BEIRUT: Turns out the mall may be the great equalizer when it comes to the sexes in Lebanon.
A study by two business professors at American University of Beirut showed very little difference between the shopping habits of men and women, defying the long-held assumption that “women shop and men buy,” according to a Friday news release from AUB. The study also contradicted previous reports by top business journals that suggested women are a unique economy, the researchers said.
With the help of students from the Olayan School of Business, professors Laurence Leigh and Leila Hanna-Khauli, studied 400 groups of shoppers in both fashion and sports stores around Beirut. They first presented their research in January, as part of the 14th International Marketing Trends Conference in Venice.
The study concluded that the sexes spend equal time and money when they visit stores.
“These results were not at all what we expected,” Leigh said.
To gather information, the researchers observed the groups, asking them questions about their purchases. Men were more inclined than women to have a plan before getting to the store. But once inside the sexes spent similar time shopping; they also strayed from their shopping lists to similar degrees.

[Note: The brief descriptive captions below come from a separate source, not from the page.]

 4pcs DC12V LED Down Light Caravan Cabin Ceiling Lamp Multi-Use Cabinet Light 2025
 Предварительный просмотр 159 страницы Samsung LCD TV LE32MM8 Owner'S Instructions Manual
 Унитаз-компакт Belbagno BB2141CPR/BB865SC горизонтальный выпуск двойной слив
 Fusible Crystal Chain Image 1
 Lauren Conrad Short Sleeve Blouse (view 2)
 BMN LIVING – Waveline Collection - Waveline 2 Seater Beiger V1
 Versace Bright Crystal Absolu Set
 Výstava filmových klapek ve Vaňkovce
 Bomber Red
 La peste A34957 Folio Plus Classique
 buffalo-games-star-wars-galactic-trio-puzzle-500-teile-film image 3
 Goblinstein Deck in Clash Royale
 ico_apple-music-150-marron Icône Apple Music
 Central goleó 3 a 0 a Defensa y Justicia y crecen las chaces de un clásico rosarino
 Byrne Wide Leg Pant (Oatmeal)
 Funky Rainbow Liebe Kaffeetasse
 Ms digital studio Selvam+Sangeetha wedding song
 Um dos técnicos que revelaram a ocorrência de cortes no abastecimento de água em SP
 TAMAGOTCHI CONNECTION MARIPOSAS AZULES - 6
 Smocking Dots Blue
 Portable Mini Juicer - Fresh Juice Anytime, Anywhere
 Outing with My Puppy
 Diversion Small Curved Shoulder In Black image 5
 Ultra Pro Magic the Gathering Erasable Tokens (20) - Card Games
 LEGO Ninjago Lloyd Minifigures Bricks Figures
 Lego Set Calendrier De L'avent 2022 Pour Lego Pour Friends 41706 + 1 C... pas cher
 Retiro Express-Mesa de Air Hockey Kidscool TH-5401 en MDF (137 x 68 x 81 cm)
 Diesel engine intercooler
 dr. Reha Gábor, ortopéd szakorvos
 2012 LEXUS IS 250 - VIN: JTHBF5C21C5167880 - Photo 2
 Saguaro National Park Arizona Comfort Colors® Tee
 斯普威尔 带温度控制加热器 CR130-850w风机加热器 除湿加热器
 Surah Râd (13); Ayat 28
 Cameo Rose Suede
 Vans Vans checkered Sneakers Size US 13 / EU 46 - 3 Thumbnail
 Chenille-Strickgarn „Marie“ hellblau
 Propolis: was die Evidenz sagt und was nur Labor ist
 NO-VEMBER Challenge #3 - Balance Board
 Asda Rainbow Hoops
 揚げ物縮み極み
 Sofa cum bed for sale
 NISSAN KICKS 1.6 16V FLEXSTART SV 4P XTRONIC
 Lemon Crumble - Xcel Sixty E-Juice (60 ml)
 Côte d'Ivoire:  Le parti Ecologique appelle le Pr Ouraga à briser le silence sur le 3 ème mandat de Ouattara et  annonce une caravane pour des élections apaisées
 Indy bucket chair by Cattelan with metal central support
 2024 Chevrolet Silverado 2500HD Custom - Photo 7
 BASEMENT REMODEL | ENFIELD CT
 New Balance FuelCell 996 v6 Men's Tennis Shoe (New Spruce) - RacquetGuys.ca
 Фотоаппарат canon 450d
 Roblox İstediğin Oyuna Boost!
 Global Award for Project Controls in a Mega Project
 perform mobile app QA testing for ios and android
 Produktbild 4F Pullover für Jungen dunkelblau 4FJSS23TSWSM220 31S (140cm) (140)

Indeed, a surprising detail among the men studied was that when they made unplanned purchases, they spent more than women. “This suggests that male shoppers may actually be better targets for promoting ‘impulse items,’” Leigh said.
The findings are particularly interesting given articles published in journals such as Harvard Business Review, which Leigh said described women as such a distinct economy “that it represented a bigger opportunity than China and India combined. ... Our study suggests that gender-related differences in shopping behaviors are much more nuanced than that.”
Leigh, an assistant professor at AUB, has had a long career in consulting on international marketing issues and successfully helped launch a number of startups. His research partner Khauli-Hanna also teaches marketing and has spearheaded classes at AUB about marketing and social media. Her interests focus on creative industries like fragrance and fashion in Lebanon.
The next step for the research is to find out if its applicable outside of Lebanon.
“What we don’t know is whether this similarity in shopping habits is a feature of the Lebanese environment or part of a broader ‘metrosexual’ phenomenon,” Leigh said. “What we want to do now is replicate the research in Europe or the U.S. to see how habits there compare with the Levant.”